Interestingly, the samples prepared at 160 °C deviated from the general trend, exhibiting a higher strain at failure than samples cast at 120 °C and 140 °C. This behavior could be attributed to partial melting and the consequent stress relaxation of PHB at 160 °C. Although this processing temperature was lower than the melting point of PHB (~180 °C), the melting process can begin at temperatures as low as 150 °C, enabling a small proportion of the sample to melt and accommodate the stresses generated at the crystalline-amorphous interfaces. The stress relaxation effect can explain the increase in strain to failure for the samples prepared at 160 °C, despite it exhibiting much higher overall crystallinity than the rest of the samples. The relatively high strain to failure and ultimate tensile stress of samples processed at 80 °C can be explained by the low crystallinity and the possible presence of trace quantities of acetic acid (although we did not observe any evidence of residual solvent from the TGA heating curves). In the latter case, acetic acid could have a plasticizing effect on PHB, causing an increase in strain to failure. Overall, the properties of the samples processed at all temperatures were comparable with those of the chloroform-cast films.
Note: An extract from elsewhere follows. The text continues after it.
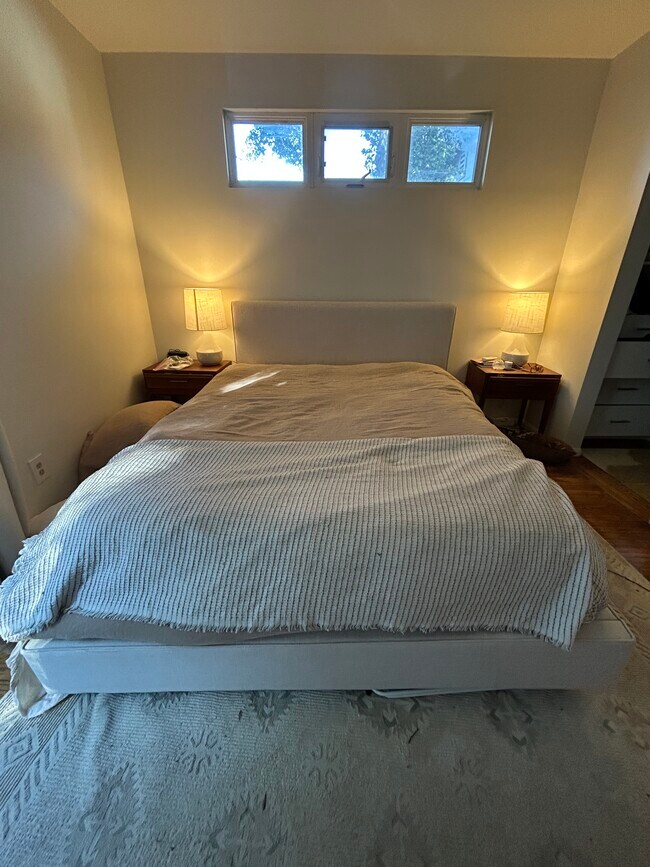 Dormitorio - 622 Venezia Ave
Surface morphology and roughness

The surface morphology of the PHB films prepared at different temperatures is shown in Figure 9; characterization was performed on the surfaces that were cast against the glass slide. The atomic force microscopy (AFM) images show a trend of decreasing roughness with increasing processing temperature. In addition to this, the samples processed with acetic acid have contrasting surface morphology from those processed with chloroform. We found that the PHB films prepared with chloroform had rough and globular structures on their surface. The samples processed with acetic acid at low temperatures had a fibrous, needle-like structures and roughness in the range of 20 nm, whereas the samples processed at high temperatures had smooth, uniform surfaces. The needle-like structures were likely caused by small crystallites and impurities on the surface. The RMS surface roughness with respect to solvent casting temperature is shown in Figure 10 and was found to decrease progressively with increasing processing temperature. The RMS roughness of PHB prepared with chloroform was found to be in the range of 1 μm, which is over an order of magnitude greater than the samples prepared using acetic acid.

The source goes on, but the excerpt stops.